On 11/10/19 6:17 AM, Akinobu Mita wrote:
> According to the NVMe specification, the over temperature threshold and
> under temperature threshold features shall be implemented for Composite
> Temperature if a non-zero WCTEMP field value is reported in the Identify
> Controller data structure.  The features are also implemented for all
> implemented temperature sensors (i.e., all Temperature Sensor fields that
> report a non-zero value).
> 
> This provides the over temperature threshold and under temperature
> threshold for each sensor as temperature min and max values of hwmon
> sysfs attributes.
> 
> The WCTEMP is already provided as a temperature max value for Composite
> Temperature, but this change isn't incompatible.  Because the default
> value of the over temperature threshold for Composite Temperature is
> the WCTEMP.
> 
> This also provides alarm attributes for each temperature sensor.  But all
> alarm conditions are same, because there is only a single bit in
> Critical Warning field that indicates one of the temperature is outside of
> a temperature threshold.
> 

I think it would be more appropriate to report the alarm only for the
composite temperature, reason being that we don't really know which individual
sensor it is associated with.

> Example output from the "sensors" command:
> 
> nvme-pci-0100
> Adapter: PCI adapter
> Composite:    +53.0 C  (low  = -273.0 C, high = +70.0 C)
>                         (crit = +80.0 C)
> Sensor 1:     +56.0 C  (low  = -273.0 C, high = +65262.0 C)
> Sensor 2:     +51.0 C  (low  = -273.0 C, high = +65262.0 C)
> Sensor 5:     +73.0 C  (low  = -273.0 C, high = +65262.0 C)
> 

Have you tried writing the limits ? On my Intel NVME drive (SSDPEKKW512G7), writing
any minimum limit on the Composite temperature sensor results in a temperature
warning, and that warning is sticky until I reset the controller.
I don't see that problem on Samsung SSD 970 EVO 500GB; I have not yet tried others.
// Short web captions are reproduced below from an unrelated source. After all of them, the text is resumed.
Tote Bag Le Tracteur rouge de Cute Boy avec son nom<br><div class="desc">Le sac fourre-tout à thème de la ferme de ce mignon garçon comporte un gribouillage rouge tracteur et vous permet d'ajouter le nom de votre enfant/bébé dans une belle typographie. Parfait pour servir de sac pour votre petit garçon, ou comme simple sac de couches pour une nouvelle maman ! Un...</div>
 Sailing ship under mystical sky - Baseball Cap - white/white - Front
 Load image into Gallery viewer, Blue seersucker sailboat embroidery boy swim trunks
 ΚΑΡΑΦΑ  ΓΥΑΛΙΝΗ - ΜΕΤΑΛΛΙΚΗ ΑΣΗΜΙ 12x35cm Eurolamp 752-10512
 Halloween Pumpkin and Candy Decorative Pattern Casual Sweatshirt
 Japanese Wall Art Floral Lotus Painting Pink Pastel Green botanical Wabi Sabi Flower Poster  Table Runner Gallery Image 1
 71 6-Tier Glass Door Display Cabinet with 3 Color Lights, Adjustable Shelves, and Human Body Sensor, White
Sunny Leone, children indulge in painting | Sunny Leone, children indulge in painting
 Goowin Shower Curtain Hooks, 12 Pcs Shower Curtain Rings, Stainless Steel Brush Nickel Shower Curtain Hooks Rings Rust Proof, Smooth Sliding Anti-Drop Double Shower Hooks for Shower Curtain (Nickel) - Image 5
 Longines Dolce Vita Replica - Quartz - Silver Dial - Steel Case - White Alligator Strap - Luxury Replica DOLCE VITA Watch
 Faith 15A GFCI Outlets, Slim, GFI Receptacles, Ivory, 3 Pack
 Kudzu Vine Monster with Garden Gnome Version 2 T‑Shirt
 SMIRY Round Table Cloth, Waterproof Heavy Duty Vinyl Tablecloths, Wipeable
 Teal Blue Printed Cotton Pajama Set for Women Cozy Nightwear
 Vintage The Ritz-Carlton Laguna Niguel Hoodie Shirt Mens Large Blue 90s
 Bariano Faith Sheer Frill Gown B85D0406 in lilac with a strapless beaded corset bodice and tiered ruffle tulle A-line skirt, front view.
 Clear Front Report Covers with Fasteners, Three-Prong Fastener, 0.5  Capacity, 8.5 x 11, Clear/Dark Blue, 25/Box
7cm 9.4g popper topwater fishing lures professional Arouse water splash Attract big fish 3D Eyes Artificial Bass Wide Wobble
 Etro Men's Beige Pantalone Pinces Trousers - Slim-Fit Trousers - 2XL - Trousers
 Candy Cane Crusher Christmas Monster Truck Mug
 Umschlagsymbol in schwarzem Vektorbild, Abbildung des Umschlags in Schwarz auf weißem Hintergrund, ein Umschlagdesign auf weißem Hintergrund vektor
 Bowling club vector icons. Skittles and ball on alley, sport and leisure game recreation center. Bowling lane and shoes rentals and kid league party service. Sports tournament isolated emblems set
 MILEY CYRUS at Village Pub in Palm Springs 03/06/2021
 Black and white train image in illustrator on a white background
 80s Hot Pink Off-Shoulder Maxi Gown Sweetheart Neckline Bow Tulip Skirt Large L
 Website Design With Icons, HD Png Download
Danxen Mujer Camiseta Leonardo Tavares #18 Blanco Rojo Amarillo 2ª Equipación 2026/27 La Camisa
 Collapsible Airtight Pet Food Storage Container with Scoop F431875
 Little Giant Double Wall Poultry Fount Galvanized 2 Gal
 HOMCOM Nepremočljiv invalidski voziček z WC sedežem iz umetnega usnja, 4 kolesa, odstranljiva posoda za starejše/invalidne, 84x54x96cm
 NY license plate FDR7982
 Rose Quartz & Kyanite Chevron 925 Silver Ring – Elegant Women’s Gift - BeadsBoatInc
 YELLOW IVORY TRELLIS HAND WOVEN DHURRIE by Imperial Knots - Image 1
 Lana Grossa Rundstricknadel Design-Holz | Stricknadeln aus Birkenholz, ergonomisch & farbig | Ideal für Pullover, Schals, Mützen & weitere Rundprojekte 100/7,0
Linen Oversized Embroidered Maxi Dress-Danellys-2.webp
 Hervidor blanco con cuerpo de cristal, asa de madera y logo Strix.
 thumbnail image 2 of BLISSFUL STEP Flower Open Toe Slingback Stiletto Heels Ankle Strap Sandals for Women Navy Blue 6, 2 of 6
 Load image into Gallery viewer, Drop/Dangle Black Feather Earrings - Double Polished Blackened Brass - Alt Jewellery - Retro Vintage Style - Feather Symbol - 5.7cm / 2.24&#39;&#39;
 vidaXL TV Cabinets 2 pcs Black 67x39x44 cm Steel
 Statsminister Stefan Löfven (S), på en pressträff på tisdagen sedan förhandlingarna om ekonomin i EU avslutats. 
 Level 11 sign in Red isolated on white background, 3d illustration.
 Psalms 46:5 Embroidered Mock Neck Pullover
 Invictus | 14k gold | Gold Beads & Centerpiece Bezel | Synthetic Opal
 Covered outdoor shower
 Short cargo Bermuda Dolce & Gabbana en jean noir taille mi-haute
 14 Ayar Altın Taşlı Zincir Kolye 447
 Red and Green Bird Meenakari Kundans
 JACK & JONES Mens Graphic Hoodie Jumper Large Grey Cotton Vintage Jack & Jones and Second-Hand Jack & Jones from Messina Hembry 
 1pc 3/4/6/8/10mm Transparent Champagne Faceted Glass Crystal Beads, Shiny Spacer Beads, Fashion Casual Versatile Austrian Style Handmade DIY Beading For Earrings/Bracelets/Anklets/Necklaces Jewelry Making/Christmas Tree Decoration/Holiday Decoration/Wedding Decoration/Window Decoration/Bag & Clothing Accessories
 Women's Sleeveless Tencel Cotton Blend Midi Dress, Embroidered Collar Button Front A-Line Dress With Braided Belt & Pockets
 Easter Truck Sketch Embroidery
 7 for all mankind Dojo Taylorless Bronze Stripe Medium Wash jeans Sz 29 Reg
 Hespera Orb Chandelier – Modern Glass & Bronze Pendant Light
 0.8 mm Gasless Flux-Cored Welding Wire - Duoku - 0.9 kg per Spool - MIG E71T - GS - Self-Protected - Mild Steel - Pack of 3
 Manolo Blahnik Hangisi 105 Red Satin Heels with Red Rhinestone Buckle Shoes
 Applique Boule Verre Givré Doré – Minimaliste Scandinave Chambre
root@jupiter:/sys/class/hwmon/hwmon0# sensors nvme-pci-0100
nvme-pci-0100
Adapter: PCI adapter
Composite:    +30.0°C  (low  = -273.0°C, high = +70.0°C)
                        (crit = +80.0°C)

root@jupiter:/sys/class/hwmon/hwmon0# echo 0 > temp1_min
root@jupiter:/sys/class/hwmon/hwmon0# sensors nvme-pci-0100
nvme-pci-0100
Adapter: PCI adapter
Composite:    +30.0°C  (low  =  +0.0°C, high = +70.0°C)  ALARM
                        (crit = +80.0°C)

It doesn't seem to matter which temperature I write; writing -273000 has
the same result.

[This is actually why I didn't use the features commands; not that I had observed
  the problem, but I was concerned that problems like this would show up.]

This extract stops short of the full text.